Limitations & Future Work

  • Locality: The inverse mapping \(g\) is valid only near the training distribution; out-of-distribution inputs may yield overconfident reconstructions.
  • Surrogate fidelity: The current framework assumes a sufficiently accurate differentiable forward surrogate; deviations from true physics models are not thoroughly investigated.
  • Limited scale: Core experiments are restricted to 1D Heat and low-dimensional oscillator problems; DeceptronNet v0 remains a single-scale prototype.
  • Limited nonlinearity: The Deceptron itself is a shallow linear-plus-activation structure, which may lack expressiveness for highly nonlinear inverse problems.
  • Future directions include multi-scale DeceptronNet, validation on real-world data, and integration with deep unrolling networks (e.g., LISTA, PnP).
  • vs. Gauss-Newton/LM: Matches in iteration count but is significantly lighter per step (no CG linear solve required).
  • vs. PINNs: Does not train directly on physical equations; instead learns a local inverse of an existing surrogate.
  • vs. learned unrolling (LISTA, PnP, RED): D-IPG retains the standard projection loop structure and only replaces the update direction; DNet v0 follows the unrolling paradigm but emphasizes fair comparison.
  • vs. L-BFGS: On Kodak24 experiments, L-BFGS requires 80–100 steps, whereas DNet requires only 6.
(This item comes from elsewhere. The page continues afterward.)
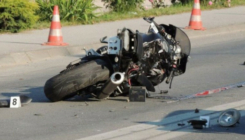 Motociklista iz Tuzle teško povrijeđen u saobraćajnoj nesreći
Connections & Inspirations

  • The Hutchinson probe idea underlying JCP can be generalized to other settings requiring Jacobian-approximation regularization (e.g., invertibility constraints in generative models).
  • The use of RJCP as a runtime diagnostic metric is broadly applicable—it can detect degradation in any system involving learned inverse mappings.
  • The paradigm of learning optimization preconditioners rather than designing them by hand may inspire large-scale scientific computing applications such as climate model inversion and medical image reconstruction.

Rating

  • Novelty: ⭐⭐⭐⭐ — The combination of JCP-based local inverse learning with preconditioned gradient updates is original.
  • Experimental Thoroughness: ⭐⭐⭐ — The fair-comparison protocol is rigorous, but the problem scale is small and large-scale validation is lacking.
  • Writing Quality: ⭐⭐⭐⭐ — Theoretical derivations are clear, and the fair-comparison protocol is described in thorough detail.
  • Value: ⭐⭐⭐ — The direction is promising, but the range of practically validated scenarios is currently limited.